Which is, of course, the exact opposite of Damon Linker's thesis -- that,
thanks to Weigel and others, in America the church is about to swallow
the state. Of these two scenarios, one has already happened, and the
other seems to have been concocted out of thin air by opportunist lefties.
As proof of how advanced the theocon takeover is already, Linker invites
us to consider the difference between two speeches: in 1962, in his
address to the nation during the Cuban missile crisis, President Kennedy
concluded with the scrupulously non-theocratic "Good night." But in 2001,
in his address to the nation after Sept. 11, President Bush had the
effrontery to ask the Lord to "bless the souls of the departed" and to wrap
things up with "God bless America." "Something has happened to the
United States during the past four decades," concludes Linker, darkly.

At the risk of offending Linker, God Almighty. Insofar as anything
happened during those four decades, it was this: prayer was banished
from public schools, the separation of church and state became an ever
wider chasm, and Americans deserted mainline Protestant
denominations for evangelical churches. In other words, the overzealous
attempt to purge religion from the public square drove many Americans
toward more effective vehicles for their faith. As for the difference
between the 1962 and 2001 speeches, it's simple: those 3,000 "souls
of the departed." Indeed, to attempt to acknowledge the deceased
without invoking the deity would have sounded very weird, as weird as
that hollow 9/11 memorial in Ottawa which (much to Linker's taste
presumably) avoided all mention of God. Or as weird as the peculiarly
ferocious objections by European politicians to referencing the
Continent's Christian inheritance in the preamble to the EU's constitution
(since rejected). A former Swedish deputy prime minister dismissed the
proposal as "a joke"; a French socialist called it "absurd"; Scandinavia's
largest newspaper said it would be a "huge mistake."
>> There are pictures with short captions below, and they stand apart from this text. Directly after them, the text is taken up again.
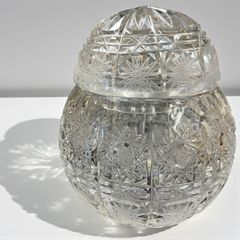 Item thumbnail for item b487a46c-ab97-4573-a7c6-0872e4a2cff2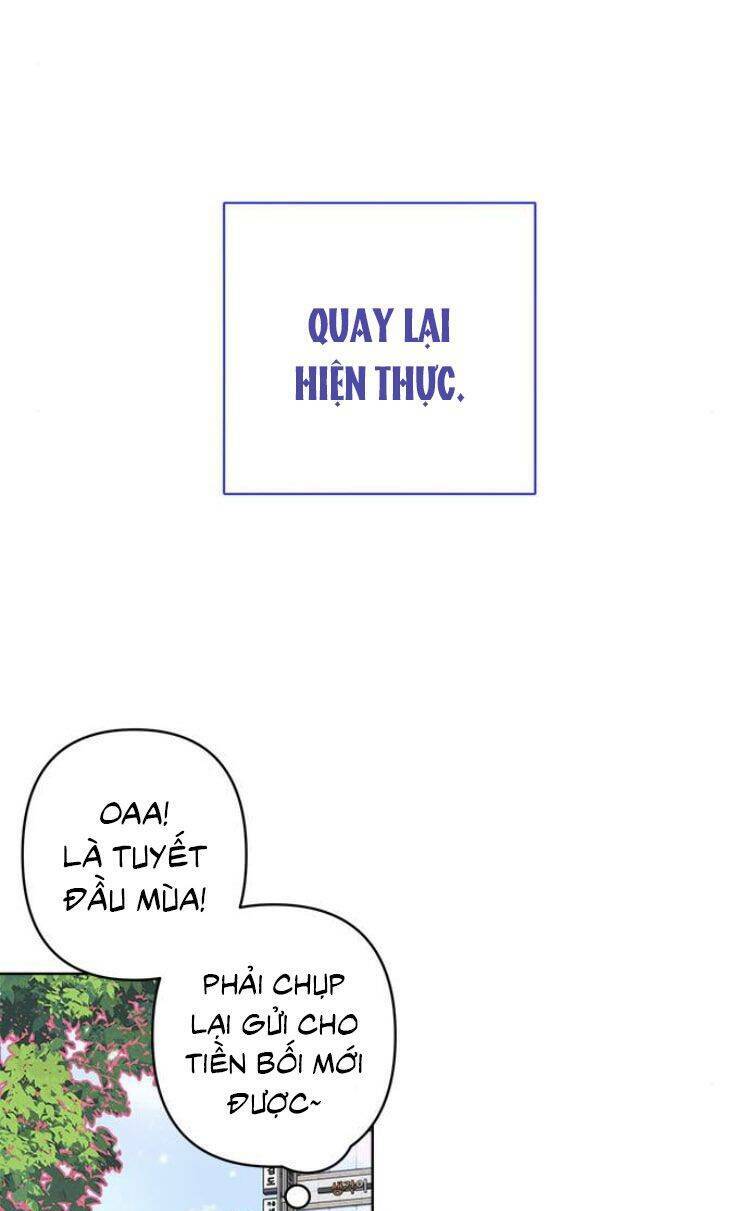 Đàn Anh Xấu Xa - Chap 56 - Trang 31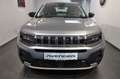 Jeep Avenger 1,2 e-Hybrid DCT6 Altitude 21 kW Gris - thumbnail 7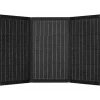 Powerbank Sandberg SolarPanel 22W 10000 Sort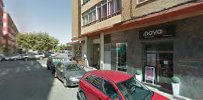Naya Estilistas en Huesca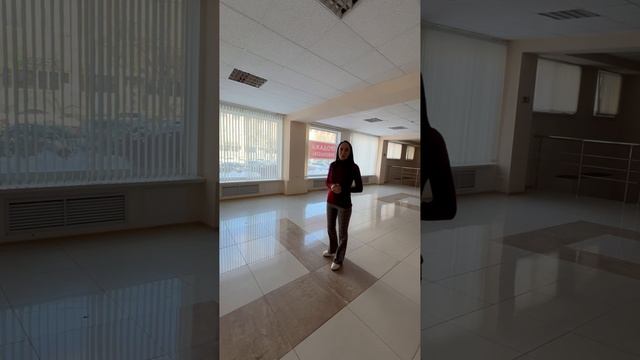 Помещение свободного назначения.mp4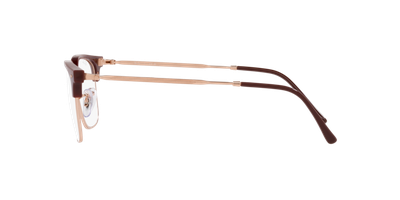 Ray-Ban New Clubmaster RX7216 8209 51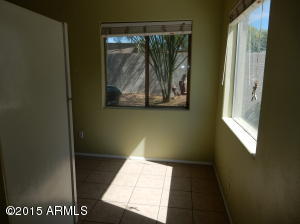 2610 E Weldon Ave, Phoenix, AZ 85016 photo 38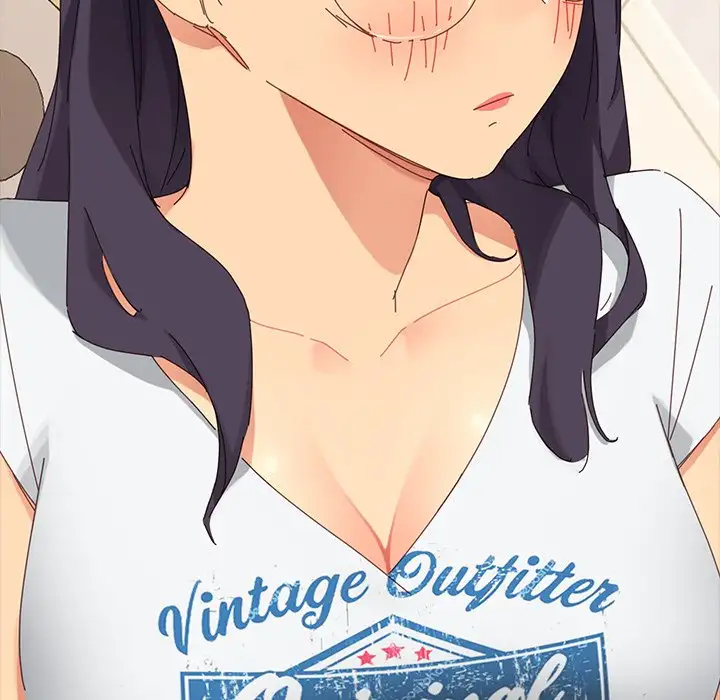 The Perfect Roommates - Chapter 8 [photo 123] - MangaPorn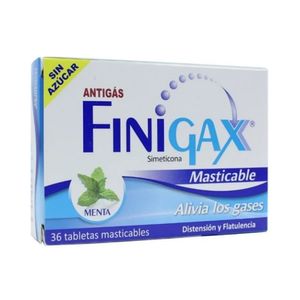 FINIGAX T. MASTICABLES MENTA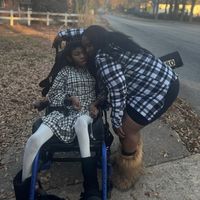 lovingnevaeh_11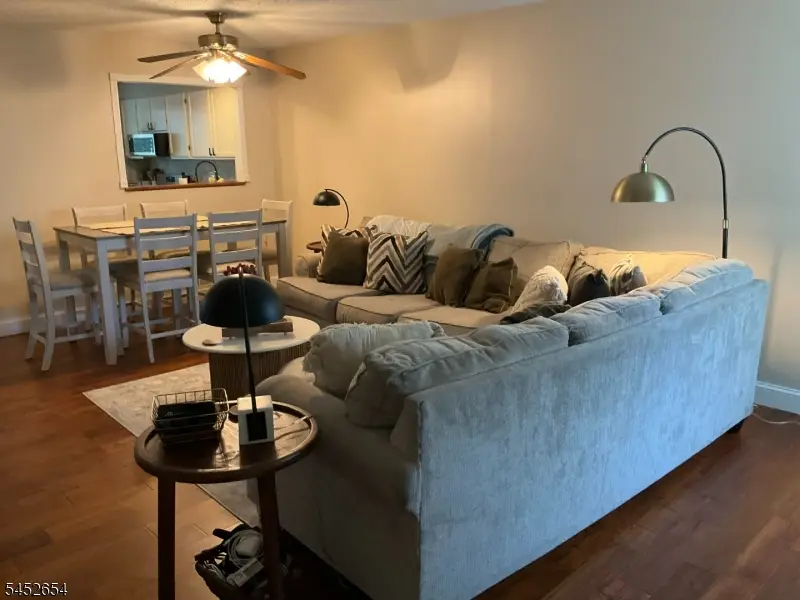 23 Woodland Dr, Roselle, NJ 07203 - #3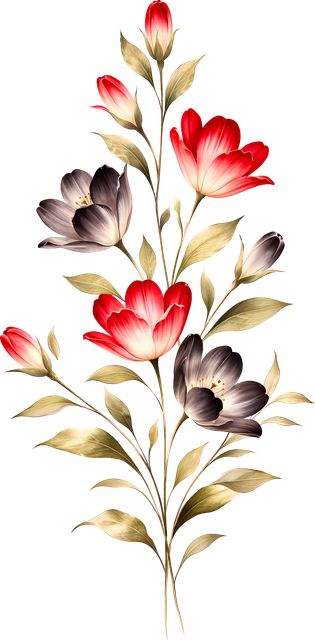 c9ac4eef72c41b3e57fb6ddb59a41523.png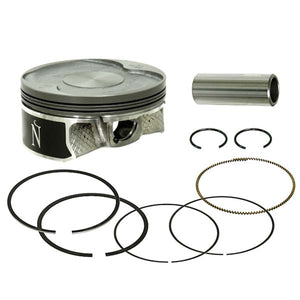 NAMURA * Piston Kit - 70-41200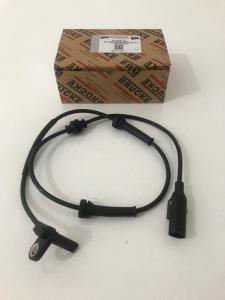 Ön Abs Kablosu | Linea Fiorino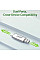 USB Flash Acer UT300 128GB Dual Drive USB-C & USB-A, Retail (UT300-128GB)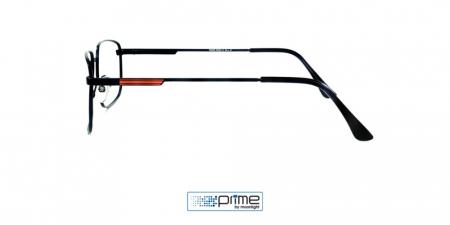 Ochelari de vedere Prime 0035 [2]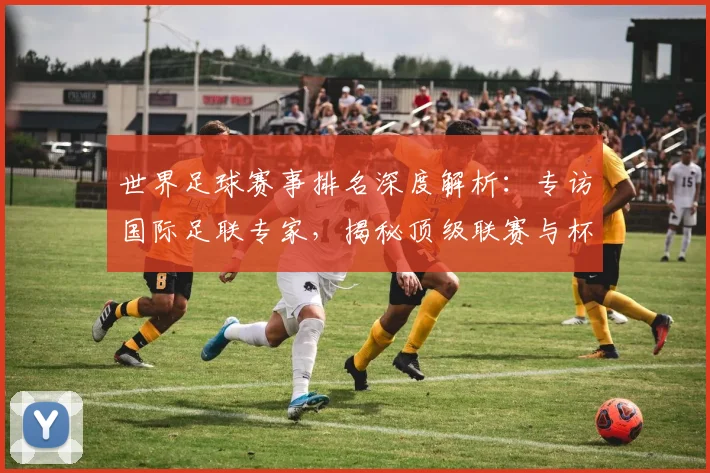世界足球赛事排名深度解析：专访国际足联专家，揭秘顶级联赛与杯赛的权威评价体系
The post-Christian Europe George Weigel writes about is a fact: it is
the spiritual vacuum into which Islamism has poured. But the radically
Christianist theocon takeover of America is a ludicrous fantasy. Yet it's
the latter hogging the prime real estate at bookstores across the land.
The existence of this thriving new sub-genre is a more telling comment
on the times than anything in the books themselves.